Lead Plaintiff, represented by Berger Montague, alleges that defendants, including Cloopen, its chief executives and directors and underwriters for Cloopen’s initial public offering (“IPO”) (collectively “Defendants”) made material misrepresentations and omissions in Cloopen’s February 9, 2021 Registration Statement and Prospectus (“Registration Statement”) issued in connection with Cloopen’s $340.2 million IPO of American Depositary Shares (“ADS”) to trade on the New York Stock Exchange. The alleged misstatements and omissions relate to three subjects covered in the Registration Statement: (1) the issuance and exercise of a particular warrant for Cloopen’s Series F preferred shares; (2) Cloopen’s customer retention strategy and a related key operating metric, its dollar-based net customer retention rate; and (3) lack of payment from Cloopen customers and associated increases in Cloopen’s accounts receivable and allowances for doubtful accounts. The Complaint also alleges that the Defendants are liable under Section 11 of the Securities Act because Items 303 and 105 of SEC Regulation S-K required disclosure of the material facts described above.

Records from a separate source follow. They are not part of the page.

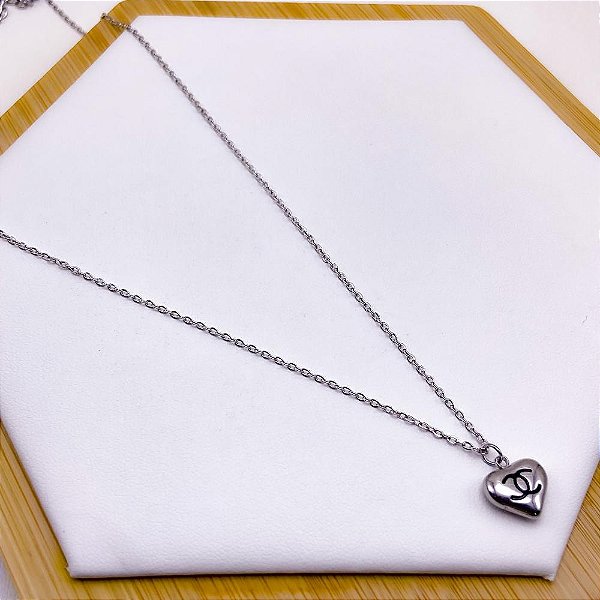 COLAR AÇO INOXIDÁVEL 45 CM PINGENTE CORAÇÃO INSPIRE-SE - PRATEADO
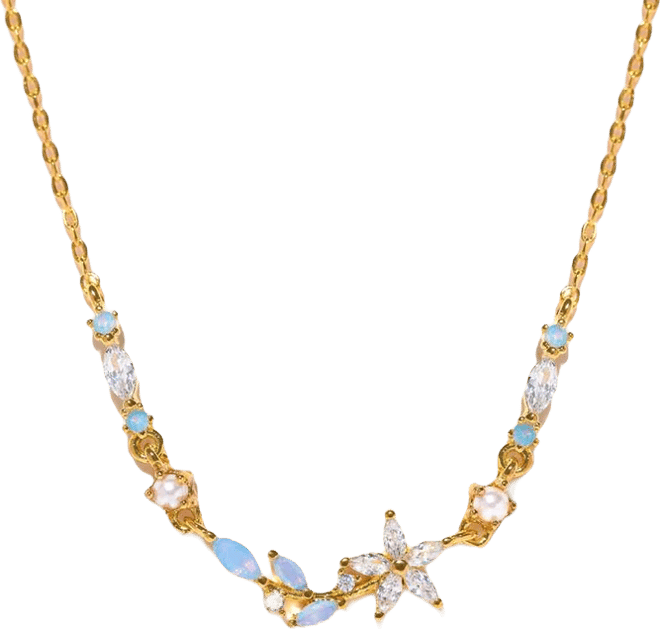 Crystal Blushing Gold Plated Blossom Necklace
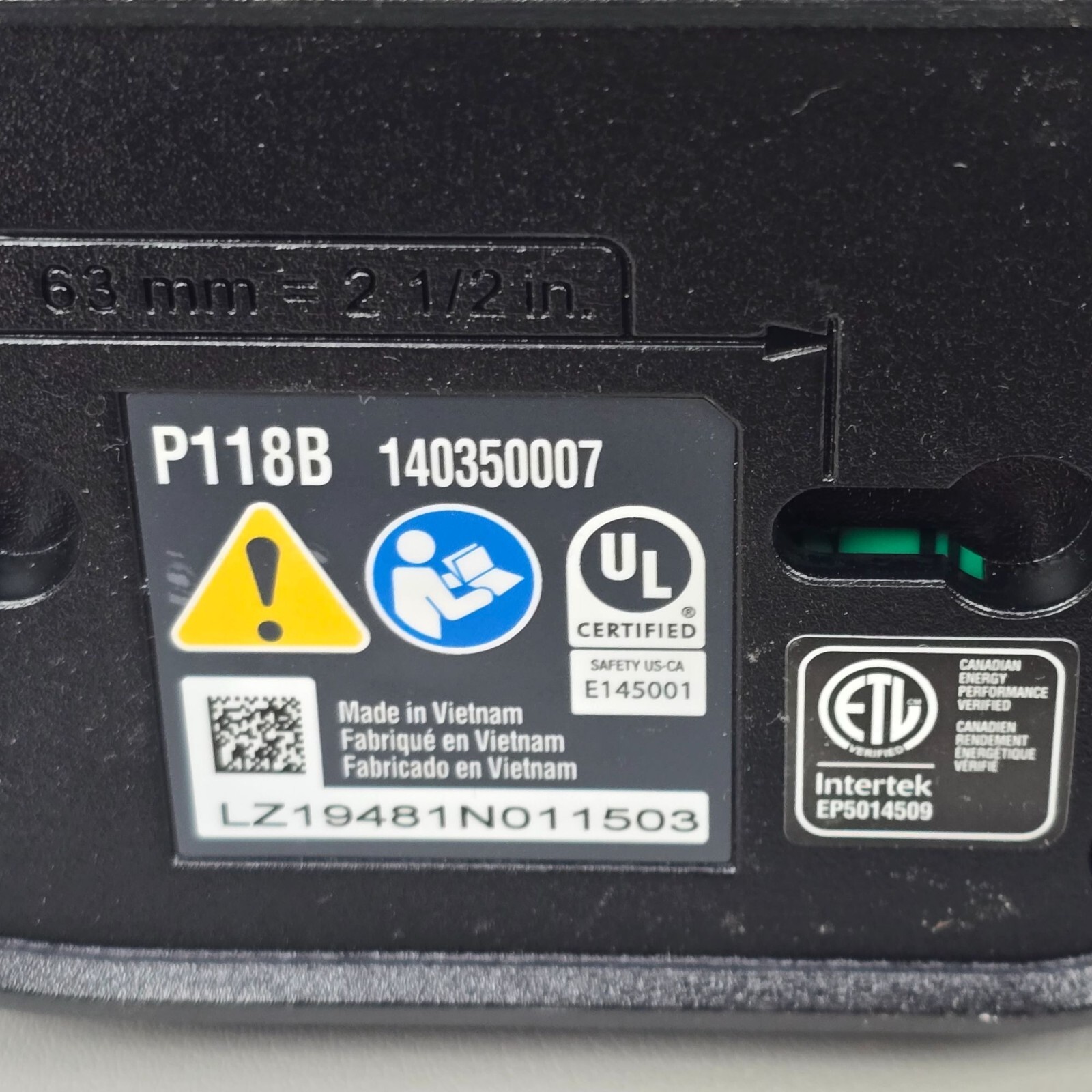 Ryobi One+ P118B 18V Power Tool Lithium Ion Battery Charger W/ Power Adapter
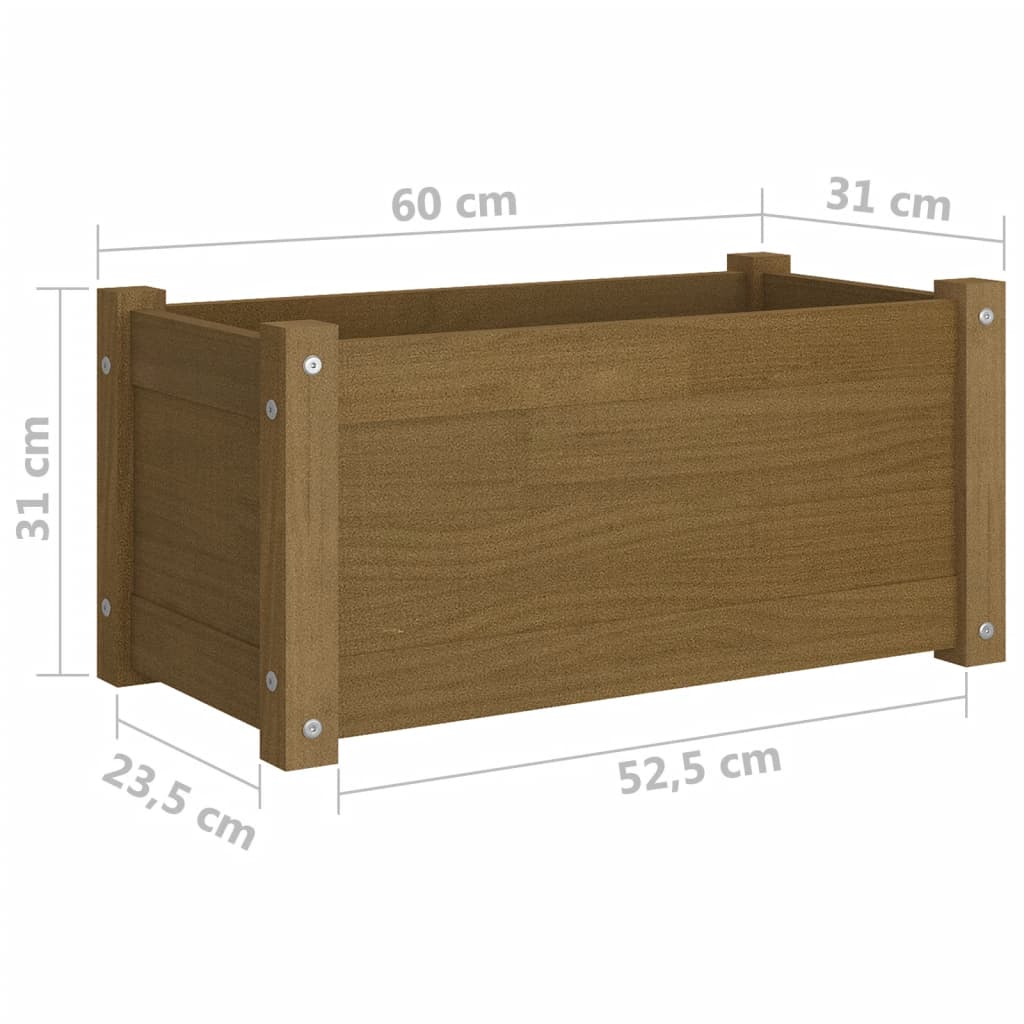 Puutarhan kukkalaatikot 2 kpl hunajanruskea 60x31x31 cm mänty - Sisustajankoti.fi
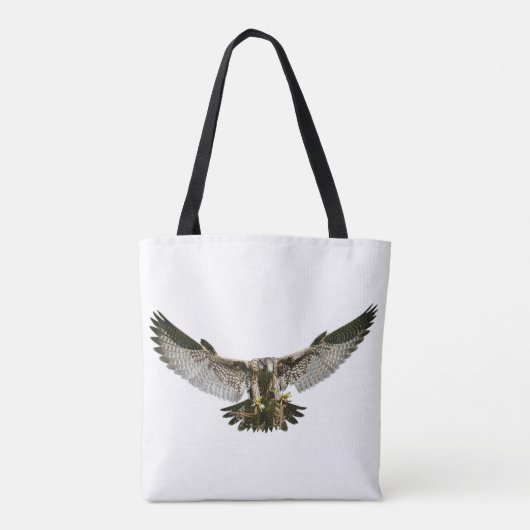Tote Bag bourse de toile faucon en volant (Dos)
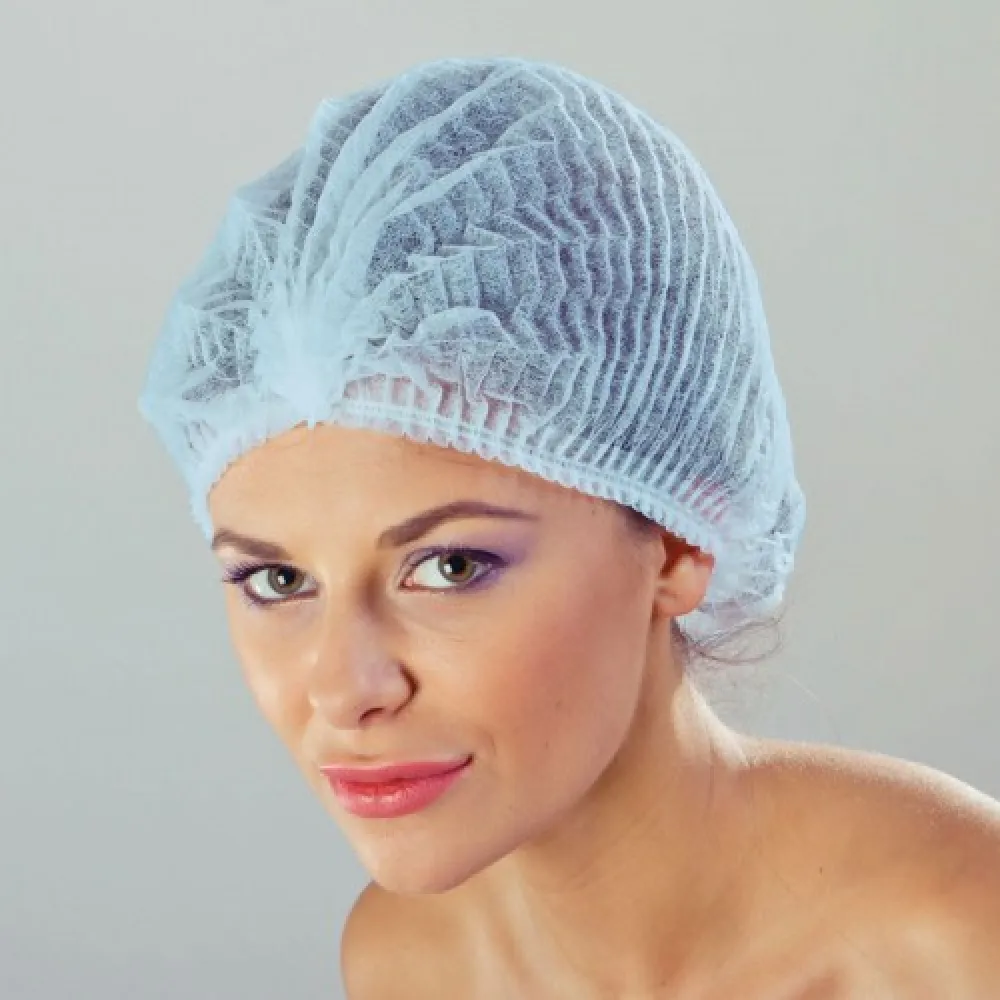 DISPOSABLE NON-WOVEN BLUE PLEATED MOB CAPS 100PCS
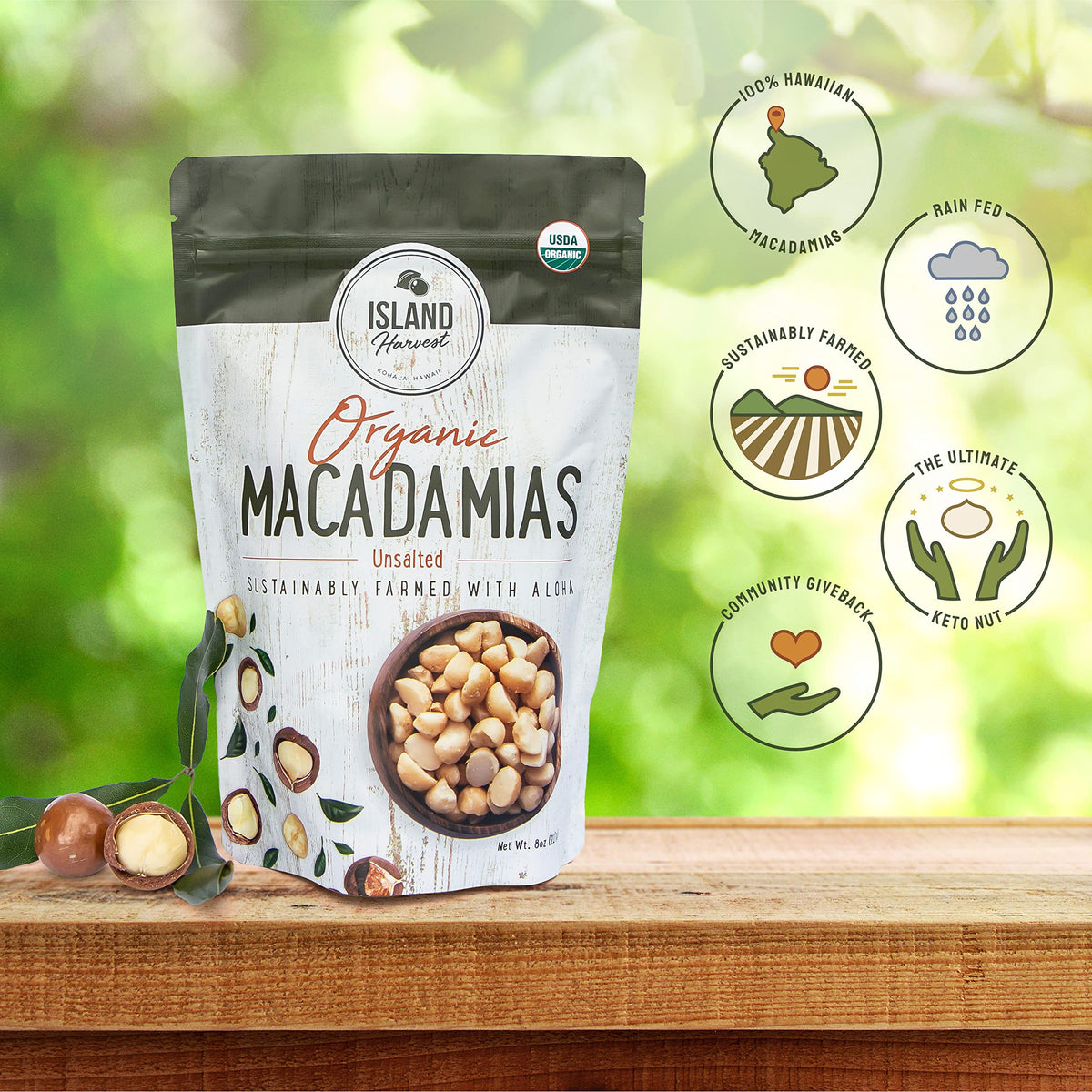 Island Harvest Organic Macadamia Nuts - Unsalted, Keto Friendly, Dry Roasted, 8 Ounce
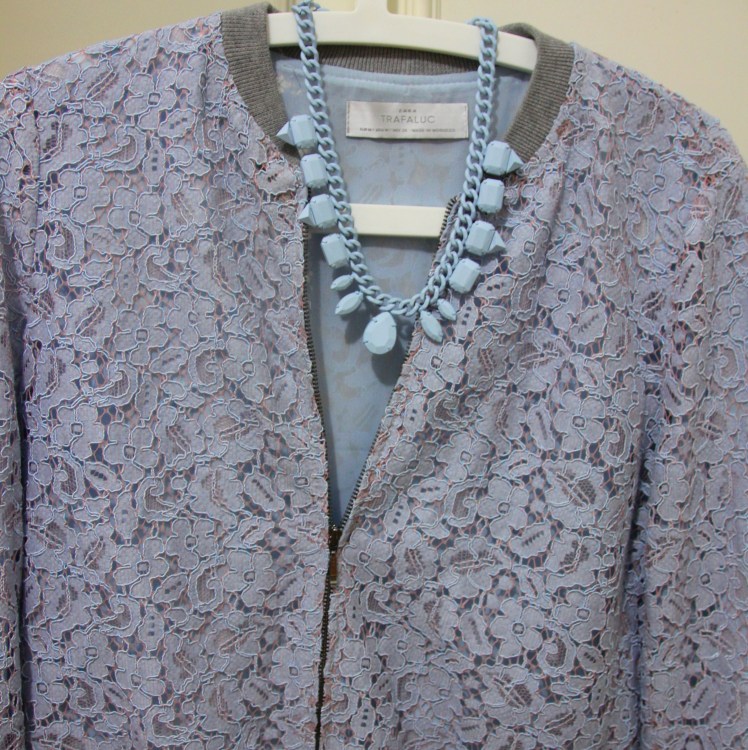 lace pastel blue bomber zara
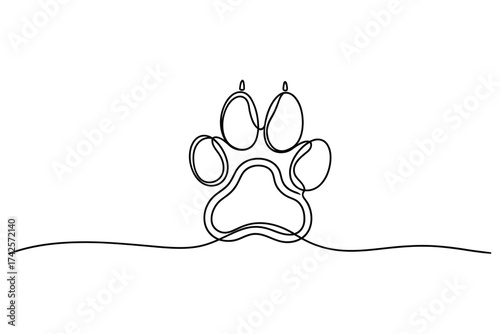 Vector art of continuous line drawing of a paw print simple vector illustration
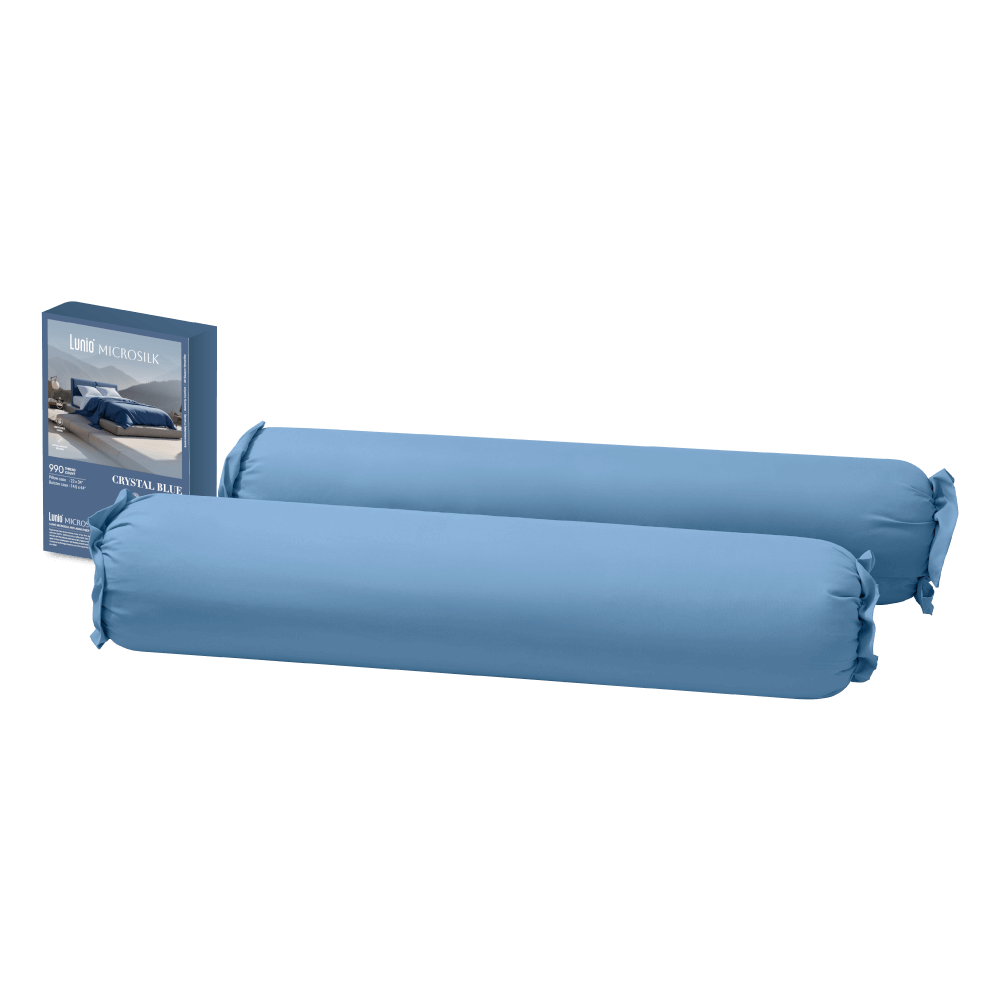 ปลอกหมอนข้าง Lunio Microsilk Pillow Case สีฟ้าคริสตัล Crystal Blue จำนวน2ชิ้น_0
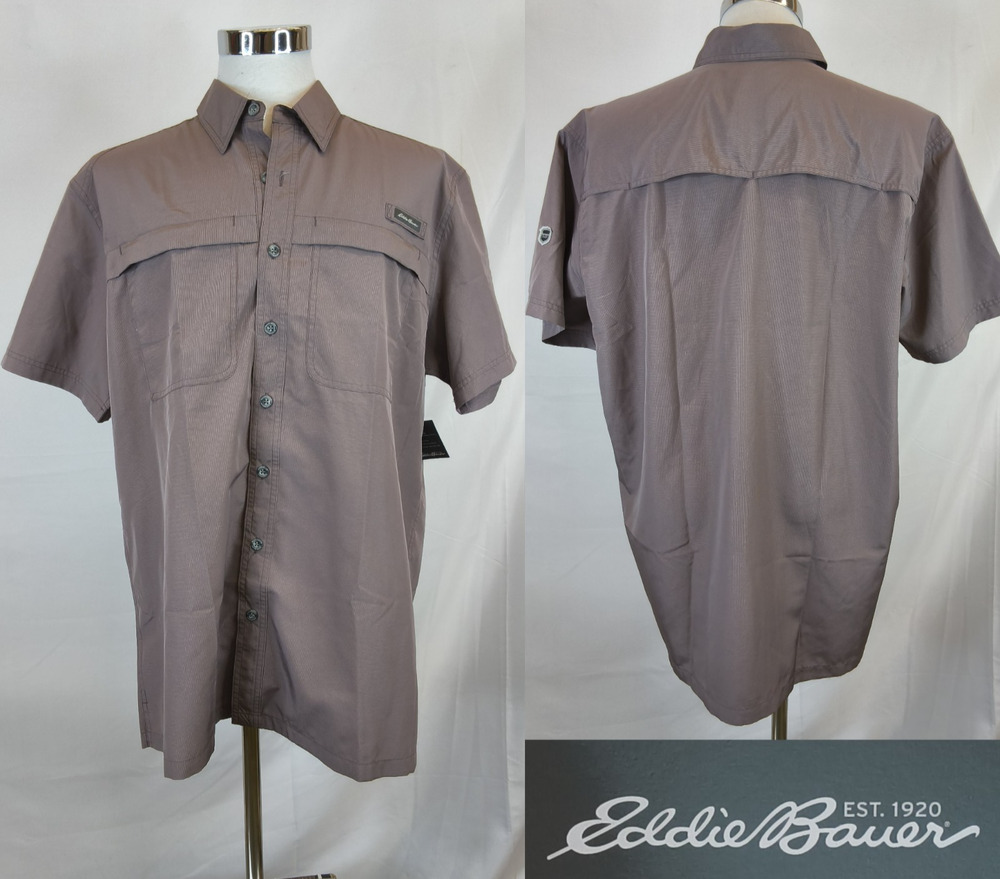 Eddie Bauer UPF Guide Shirt Short Sleeve Men's TXL Mulberry New With Tags #W5470
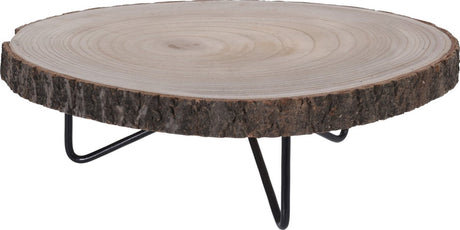 Vilde - serveerplank op poten - 40 cm - houten - metalen noppen - decoratief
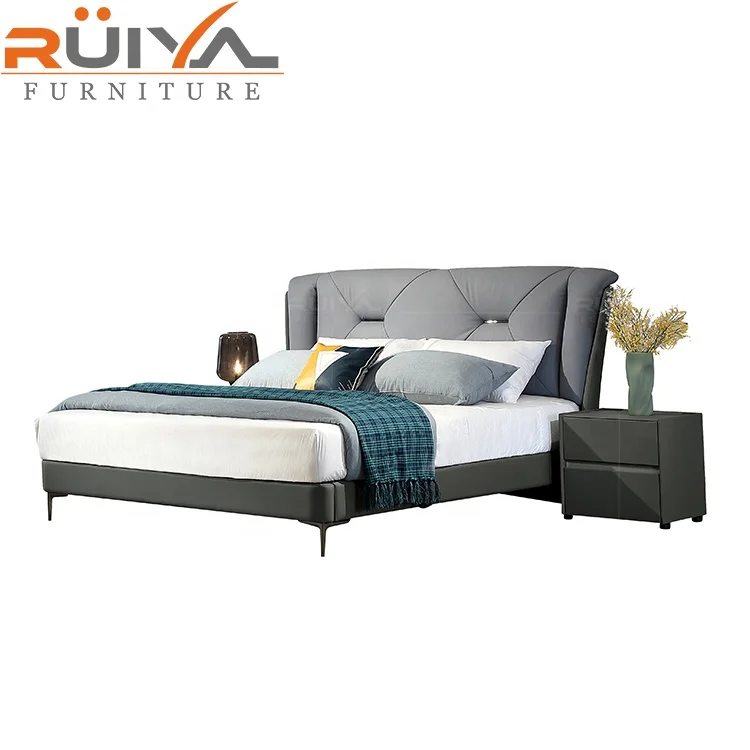 modern luxury bedroom furniture upholstered solid wood leather bed genuine leather bed frame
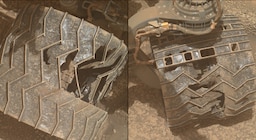 Asi lucen las ruedas del rover Curiosity de la NASA tras casi 14 años de misión en Marte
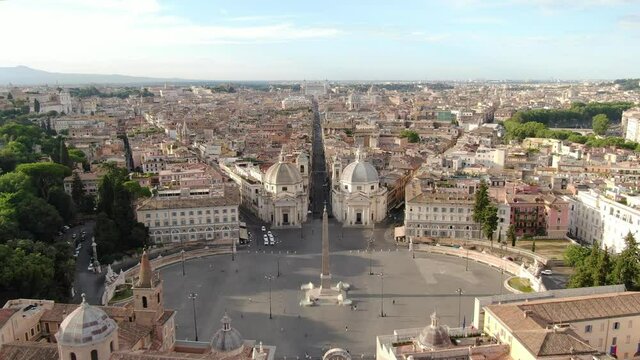 Aerial view of Piazza del Popolo (People's Square), Rome, Italy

The Court denied Cloopen’s motion to dismiss the Section 11 claims for lack of an actionable misrepresentation or omission and also rejected Cloopen’s argument that the Section 10(b) claims fail on the same grounds. The Court found that a reasonable person would consider an inference of scienter as to Cloopen’s CEO and CFO actionable. The Court reaffirmed the viability of the core operations doctrine, which refers to the principle that when a plaintiff has adequately alleged that the defendant made false or misleading statements, the fact that those statements concerned the core operations of the company supports the inference that the defendant knew or should have known the statements were false when made. Because the Complaint properly alleged scienter against these two key officers of Cloopen, the Court also held that the Complaint necessarily alleged scienter with respect to Cloopen itself.
The Court’s scienter holding is especially notable because Lead Plaintiff did not allege insider trading, restatements of financial results, government investigations or rely on confidential witness reports or other traditional indicia of scienter and fraud.